John James Quinn Jr. (November 30, 1940 – February 10, 2004) was an American film, stage and television actor. He was best known for playing Arliss "Sonny" Dawson in the 1989 film The Abyss.

== Life and career ==
Quinn was born in Philadelphia, Pennsylvania. He studied acting in New York, and performed on stage. He began his screen career in 1977, appearing in the film Hooch. In 1978, he appeared in the film On the Yard.

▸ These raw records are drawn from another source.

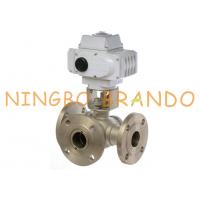 China Electric Actuator 3 Way Flange Ball Valve Stainless Steel 24V 220V on sale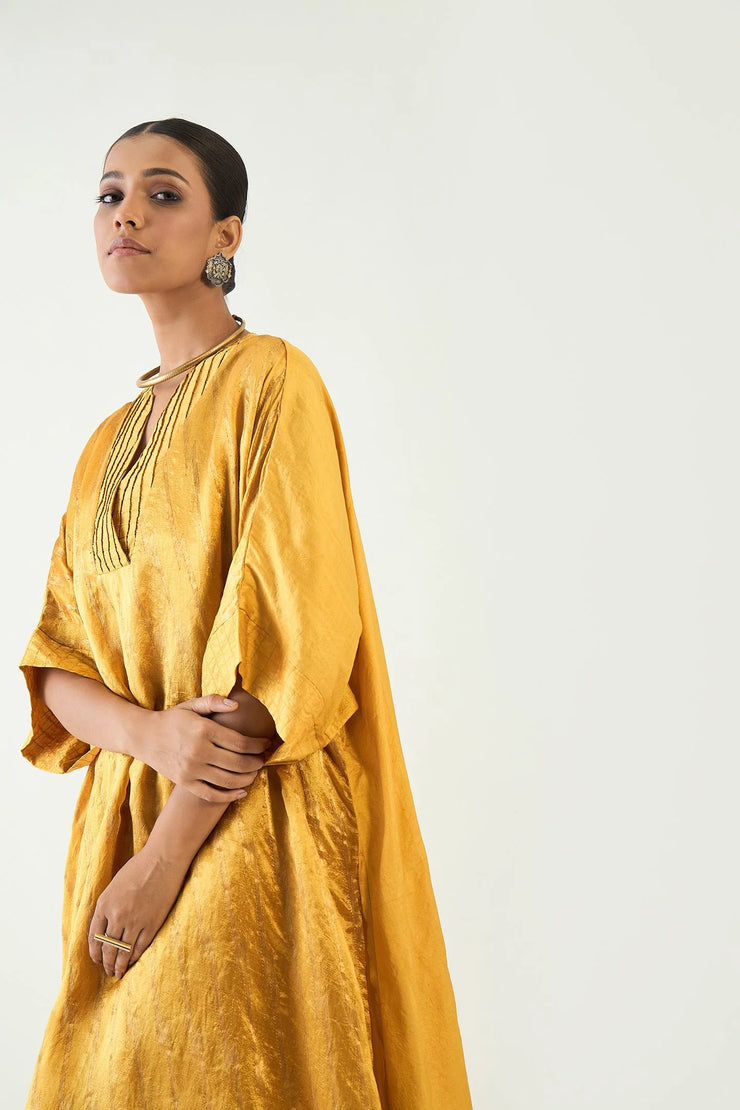 Damani: Silk with Gold weave Kimono Kaftan set - Mustard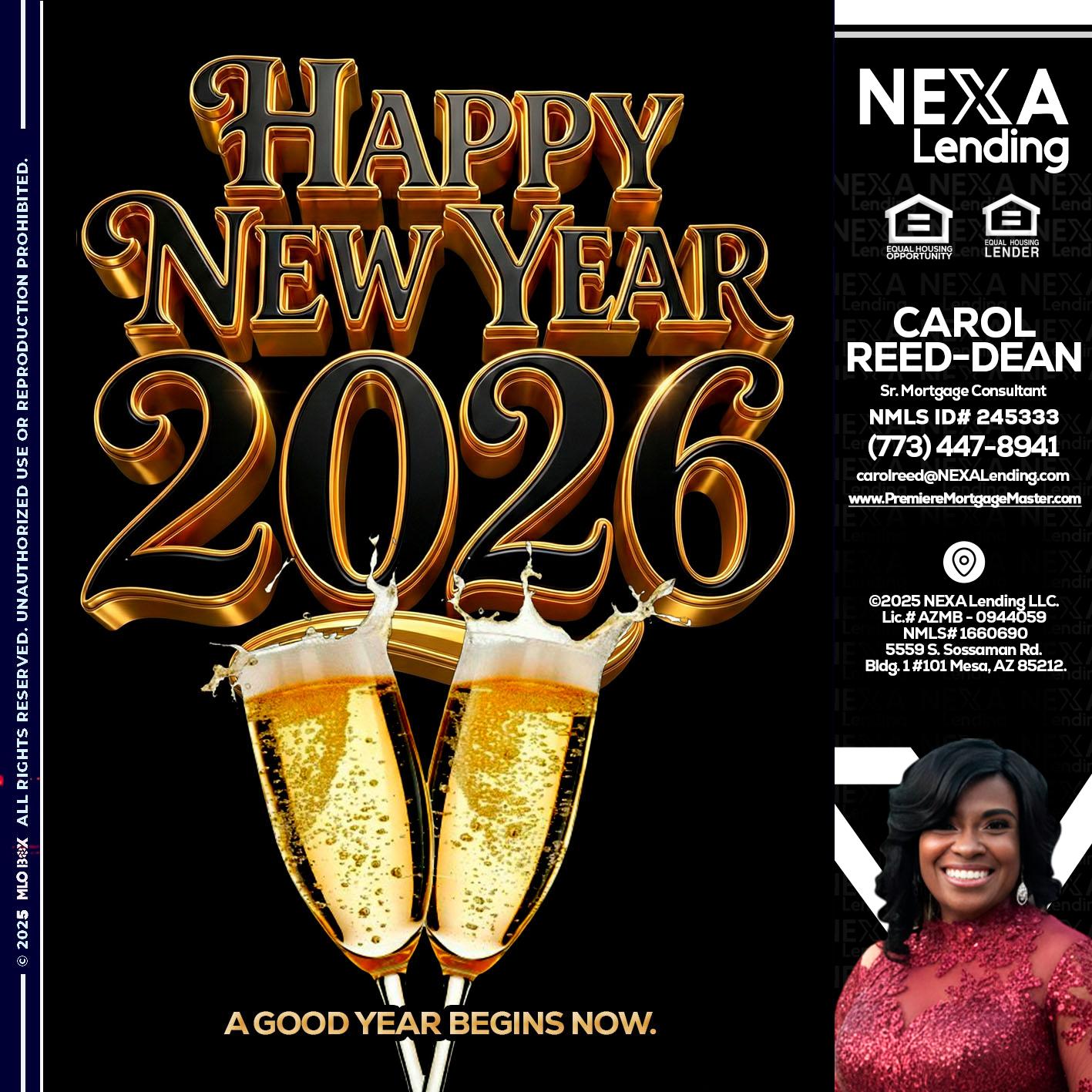 happy new year 2026 - Carol Dean -Sr. Mortgage Consultant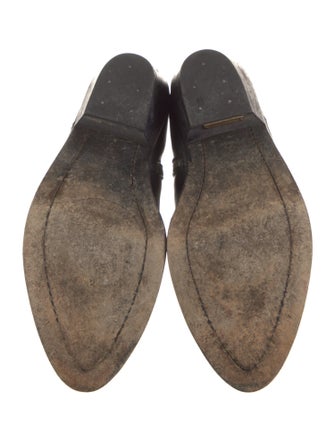 Golden Goose Leather Embroidered Accent Western Boots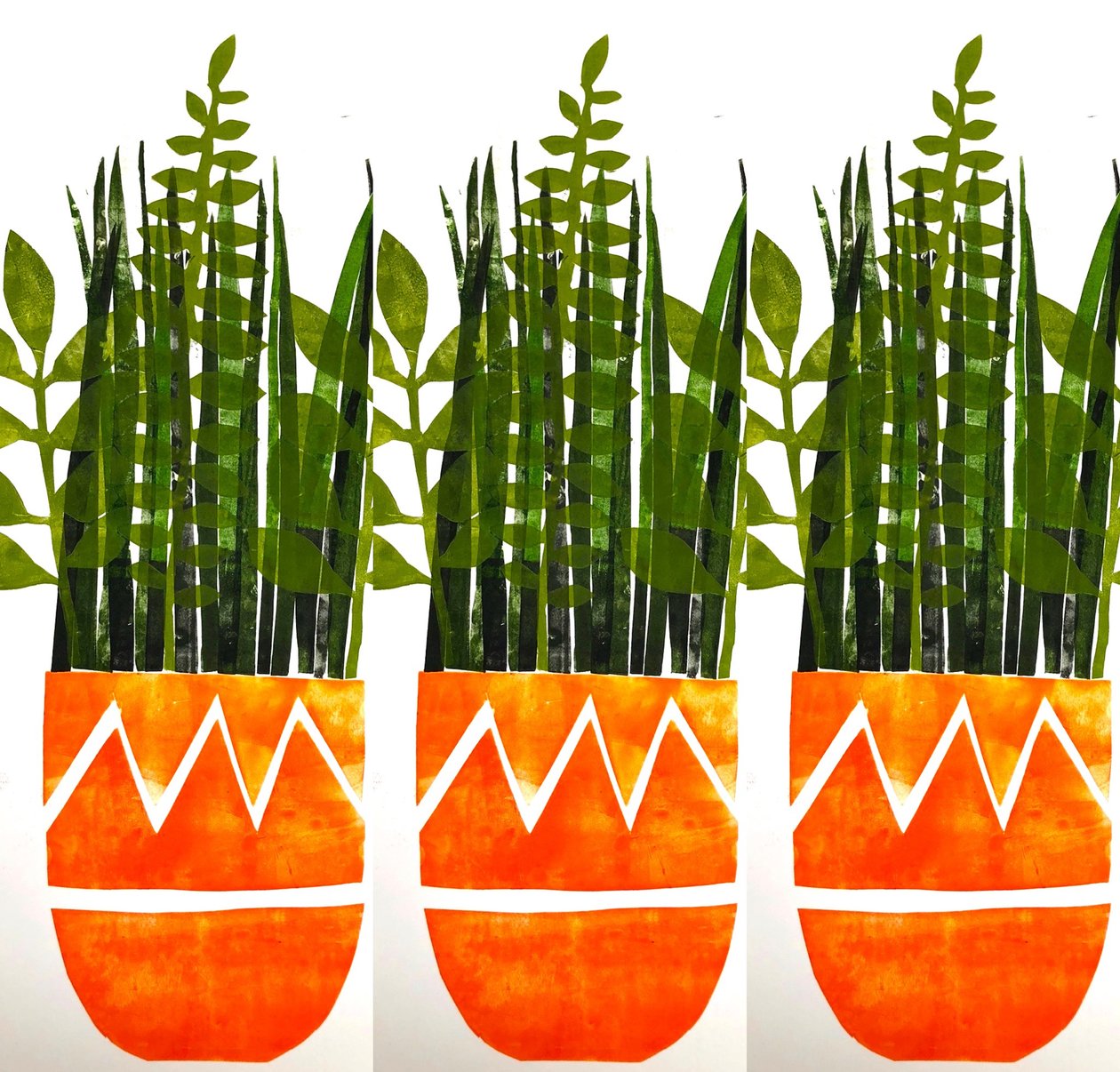 Drei orange Vasen von Sarah Thompson Engels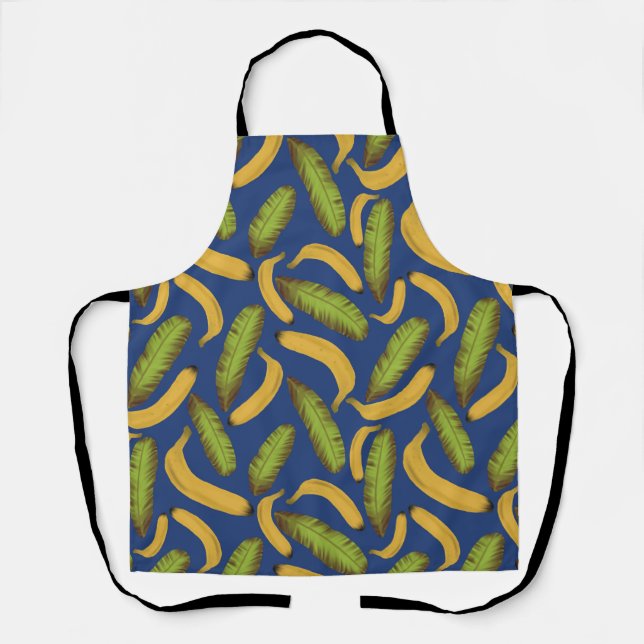 Tropical Blue Banana Leaf Pattern Apron (Front)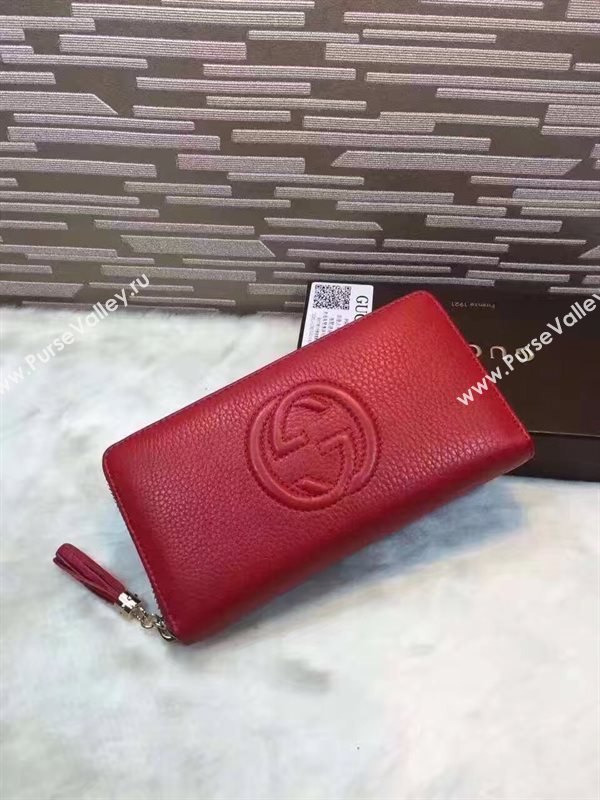 Gucci soho zipper wallet red bag 6489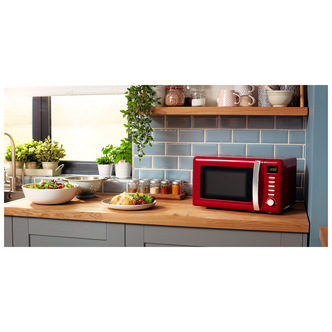 Beko MOC20200R Retro Style Microwave Oven in Red 20 Litre 800W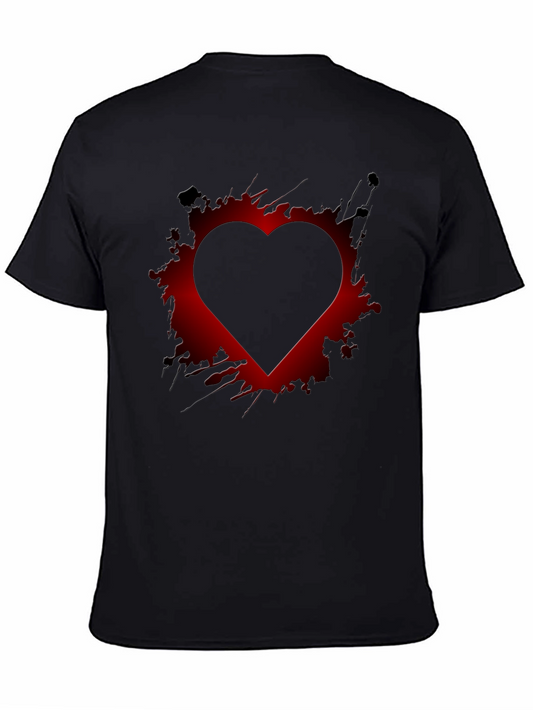 Heart Graphic Print Mens Black T-Shirt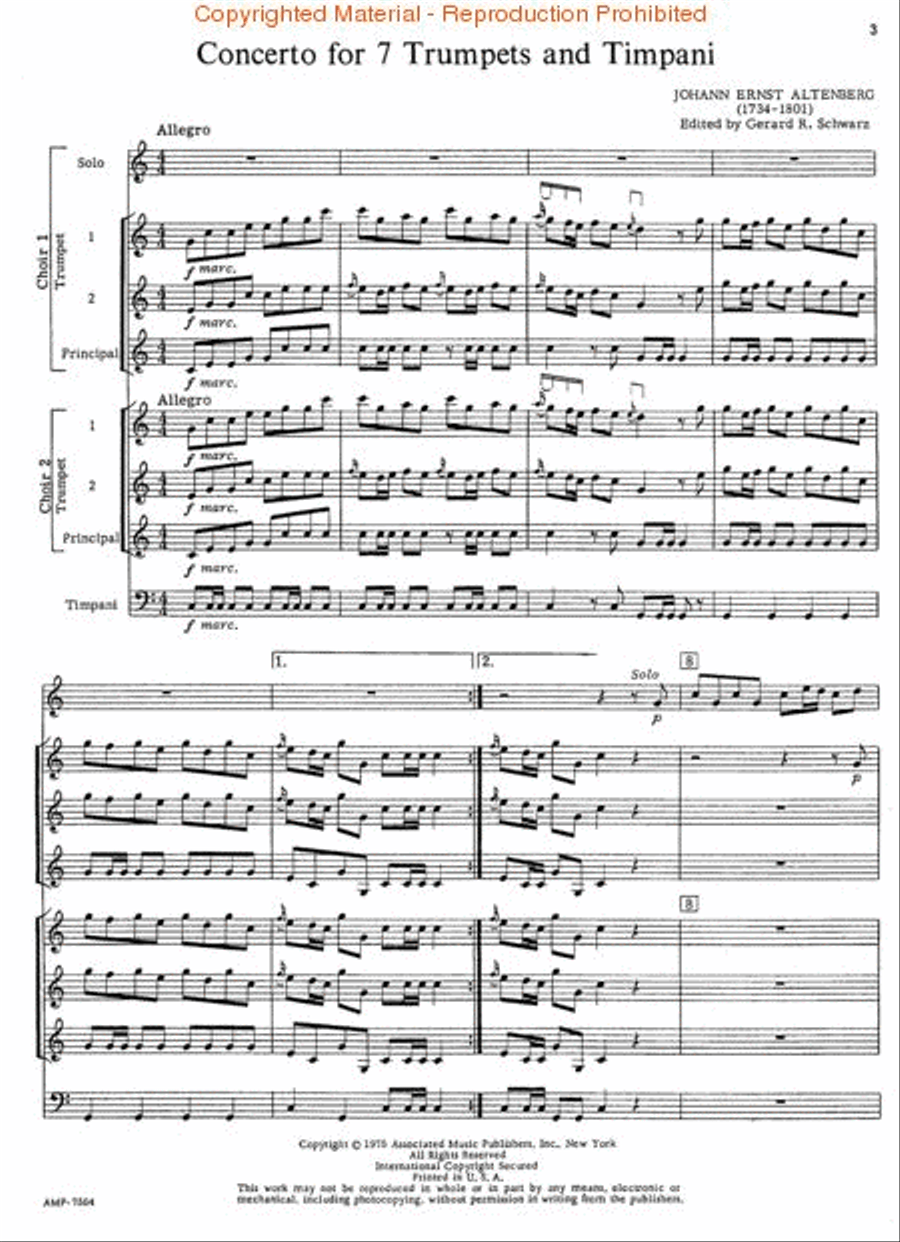Concerto for 7 Trumpets and Timpani Trumpet scores gallery preview page 2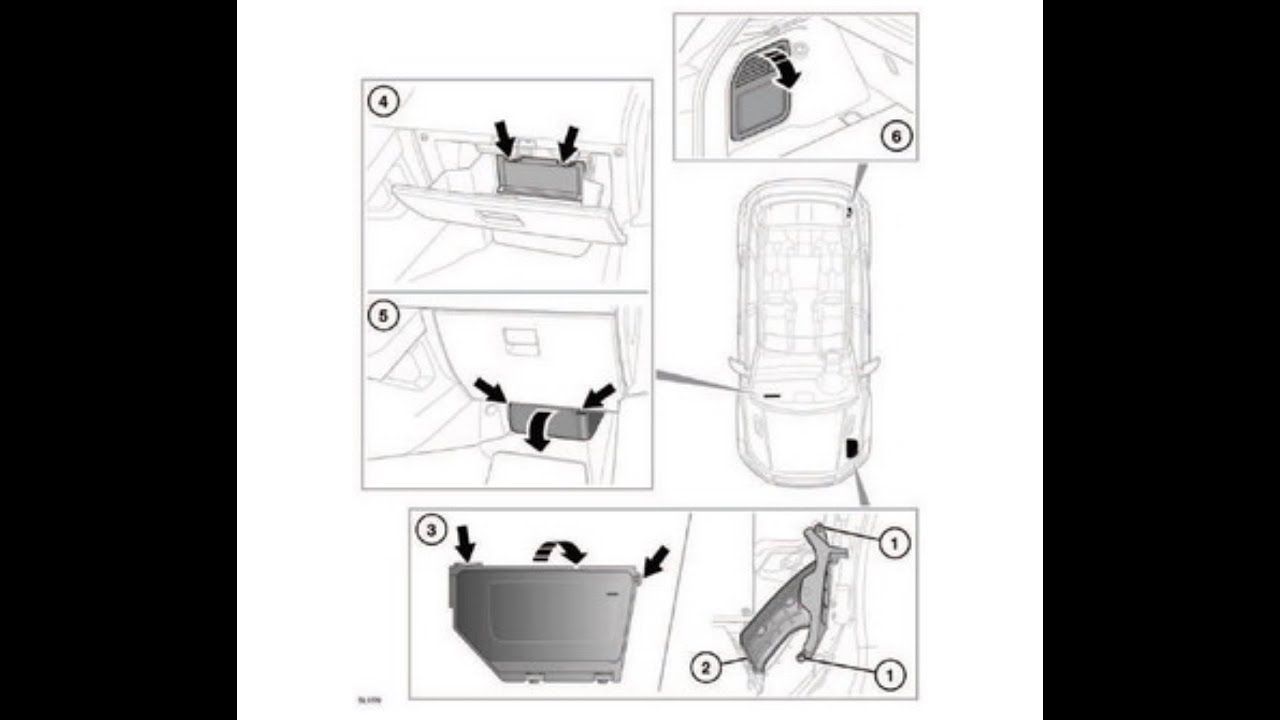 Range Rover Evoque passenger compartment fuse board (glove box) YouTube
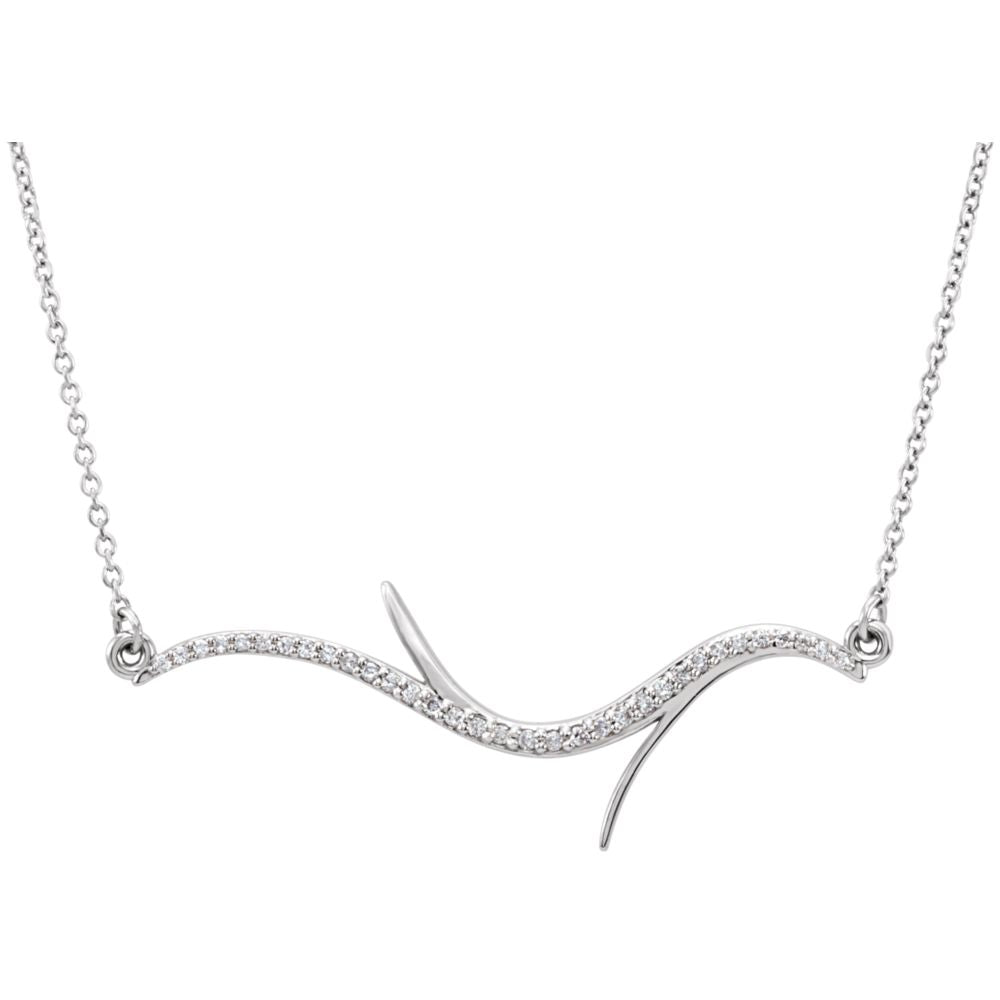 1/8 Ctw Diamond Freeform Bar Necklace in 14k White Gold, 18 Inch, Item N10966 by The Black Bow Jewelry Co.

Later in his career, Quinn guest-starred in numerous television programs including Hill Street Blues, Cagney & Lacey, Quantum Leap, Knots Landing, Stingray, Miami Vice, Cheers and Dawson's Creek, and played the recurring role of Red Griswald in the HBO sitcom television series 1st & Ten. In 1987, he starred as Jim in the film Barfly, starring along with Mickey Rourke, Faye Dunaway, Alice Krige and Frank Stallone. In 1989, he played Arliss "Sonny" Dawson in the film The Abyss. He also appeared in films such as Getting Away with Murder, Turner & Hooch, C.H.U.D., Gross Anatomy, Heartbreak Ridge and Brubaker.

Quinn retired from acting in 2000, last appearing in the CBS comedy drama television series That's Life.

== Death ==
Quinn died in an automobile accident in Juárez on February 10, 2004, at the age of 63.